Data shown: Begin

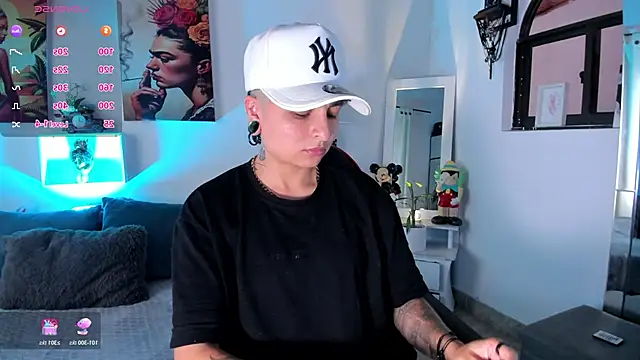 ZuryRamirez  online show from 12/05/25, 06:48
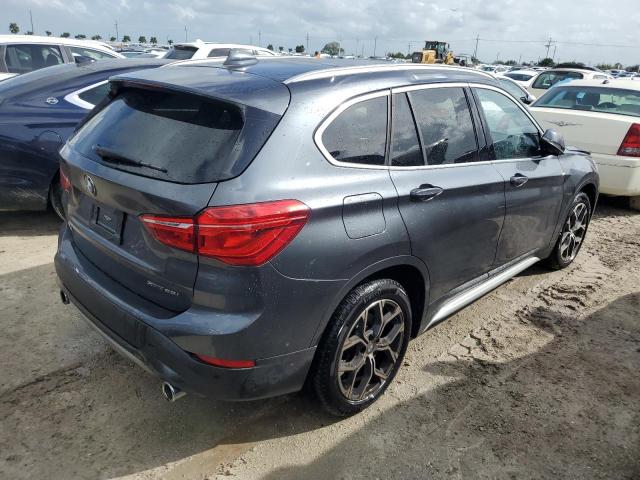 WBXJG9C02L5P29692 - 2020 BMW X1 XDRIVE28I GRAY photo 3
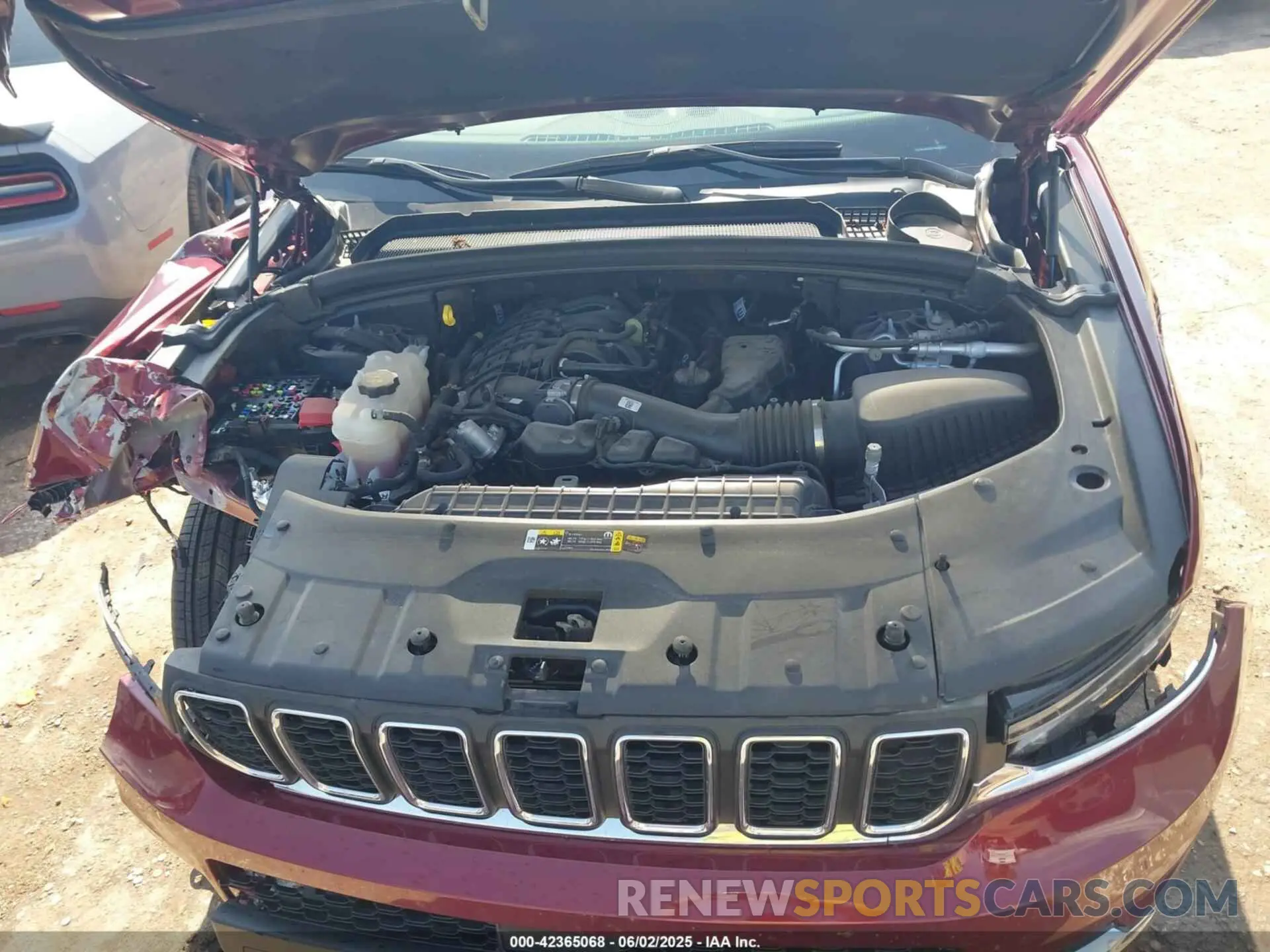 10 Photograph of a damaged car 1C4RJKAG2P8861266 JEEP GRAND CHEROKEE L 2023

Data shown: End

- **Prompt**: Only the lines from the one containing "WBXJG9C02L5P29692 - 2020" through the end of the listing should be output, word for word and inclusive; keep pictures out.

- **Expected answer**:
 WBXJG9C02L5P29692 - 2020 BMW X1 XDRIVE28I GRAY photo 3
 10 Photograph of a damaged car 1C4RJKAG2P8861266 JEEP GRAND CHEROKEE L 2023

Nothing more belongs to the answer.